- REQUIRED ACTION: Of the entries below, restate word for word only the section that runs from the line with "80 42nd Avenue" to the line with "Поводки дворников Skoda Octavia A5 2010г", counting both ends.

-- Opening Marker --

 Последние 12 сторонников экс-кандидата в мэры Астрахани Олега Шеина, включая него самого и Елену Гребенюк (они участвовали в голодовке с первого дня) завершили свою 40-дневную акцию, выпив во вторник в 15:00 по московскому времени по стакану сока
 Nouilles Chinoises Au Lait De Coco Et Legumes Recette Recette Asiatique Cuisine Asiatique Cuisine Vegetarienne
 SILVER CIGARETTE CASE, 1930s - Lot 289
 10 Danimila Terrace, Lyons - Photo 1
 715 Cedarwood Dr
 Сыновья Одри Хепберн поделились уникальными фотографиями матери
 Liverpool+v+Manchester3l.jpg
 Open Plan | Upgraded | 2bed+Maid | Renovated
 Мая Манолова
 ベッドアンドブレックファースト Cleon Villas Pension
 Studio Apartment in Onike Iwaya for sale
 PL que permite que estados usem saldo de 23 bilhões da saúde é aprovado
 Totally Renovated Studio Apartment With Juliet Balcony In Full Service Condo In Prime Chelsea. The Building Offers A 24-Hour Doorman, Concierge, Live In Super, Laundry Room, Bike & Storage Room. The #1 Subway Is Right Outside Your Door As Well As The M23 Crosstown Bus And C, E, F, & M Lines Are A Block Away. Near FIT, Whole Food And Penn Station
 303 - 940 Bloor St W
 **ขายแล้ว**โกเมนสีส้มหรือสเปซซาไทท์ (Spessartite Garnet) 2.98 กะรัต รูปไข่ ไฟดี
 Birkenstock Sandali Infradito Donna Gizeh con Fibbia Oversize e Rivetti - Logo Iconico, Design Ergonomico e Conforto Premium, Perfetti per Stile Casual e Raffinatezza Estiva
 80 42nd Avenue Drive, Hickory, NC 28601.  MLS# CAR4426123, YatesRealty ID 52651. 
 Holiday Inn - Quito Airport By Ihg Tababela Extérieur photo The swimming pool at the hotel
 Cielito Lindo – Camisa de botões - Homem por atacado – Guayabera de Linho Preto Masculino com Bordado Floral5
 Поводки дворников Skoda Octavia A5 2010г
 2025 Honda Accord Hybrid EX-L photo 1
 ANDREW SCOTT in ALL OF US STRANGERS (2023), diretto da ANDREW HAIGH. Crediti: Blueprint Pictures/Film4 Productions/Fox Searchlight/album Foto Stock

-- Closing Marker --

- RESPONSE AREA:
 80 42nd Avenue Drive, Hickory, NC 28601.  MLS# CAR4426123, YatesRealty ID 52651. 
 Holiday Inn - Quito Airport By Ihg Tababela Extérieur photo The swimming pool at the hotel
 Cielito Lindo – Camisa de botões - Homem por atacado – Guayabera de Linho Preto Masculino com Bordado Floral5
 Поводки дворников Skoda Octavia A5 2010г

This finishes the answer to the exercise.